DELLA IMPRONTA DELLE COSE - CAPITOLO XVI
Dell’impronta eterna e della gioia celeste e del perché tutte le cose sieno portate verso il bene e verso il male.
1.- La creazione intera manifesta l’Onnipossente e tutto ciò ch’Egli è nel suo regime senza principio, lo è anche la creazione, non come onnipotenza ,ma come una mela che cresca sull’albero. Tutte le cose sono scaturite da desiderio divino, benché in principio non esistessero essenze, ma solo il mistero della generazione eterna nella sua perfezione.
2.- Dio non ha tratto dal nulla la creazione per rendersi più perfetto, ma per manifestare la Sua magnificenza. La Sua beatitudine non era cominciata con la creazione, ma esisteva dall’eternità nel Gran Mistero, sebbene solo come un movimento spirituale. La creazione è l’esteriorizzazione di questo movimento e quasi l’armonia grandiosa d’una massa di strumenti.
3.- Il Verbo eterno, che è uno spirito, s’è espresso mercé le forme; l’opera Sua è simile al meccanismo dello Spirito, Egli è il Verbo pronunciato.

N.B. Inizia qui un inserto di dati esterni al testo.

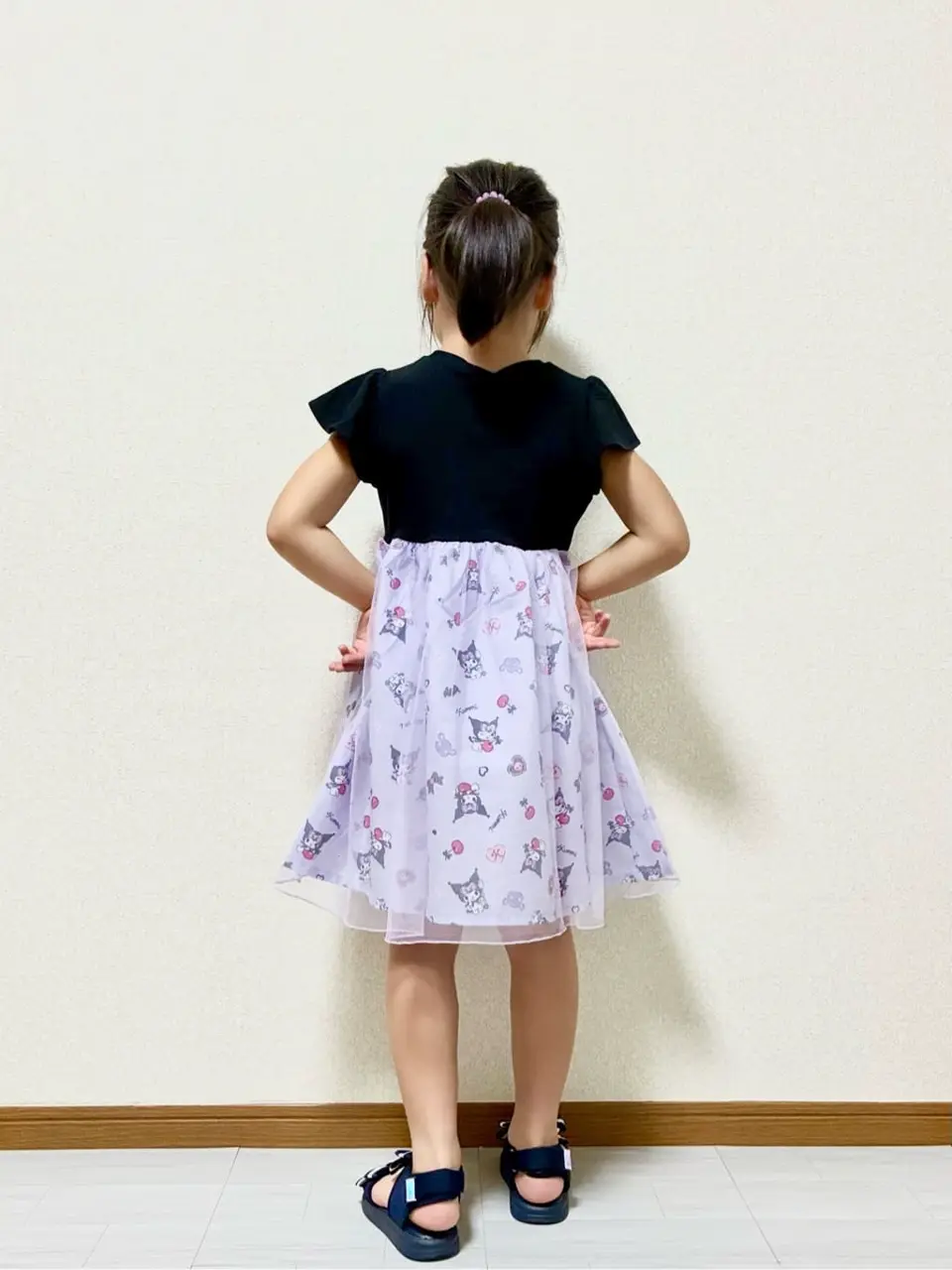 ANY MIKA コーディネート画像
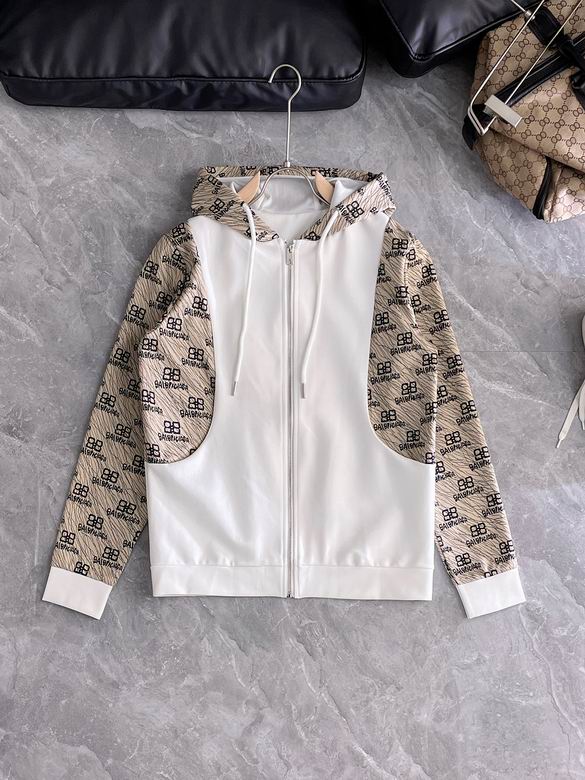 Les ensembles survêtement Balenciaga allient performance et style. Leur design avant-gardiste et leur qualité supérieure. Pas cher. Le moins cher.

Egli dirige l’armonia vivente come la meccanica d’un organo, nel quale un po’ d’aria suscita da ogni canna un suono particolare e concorre a costituire la melodia completa.
4.- L’opera intera della manifestazione divina non è che uno spirito solo che realizza col verbo pronunciante o con la vita, il Gran Mistero da cui tutto proviene.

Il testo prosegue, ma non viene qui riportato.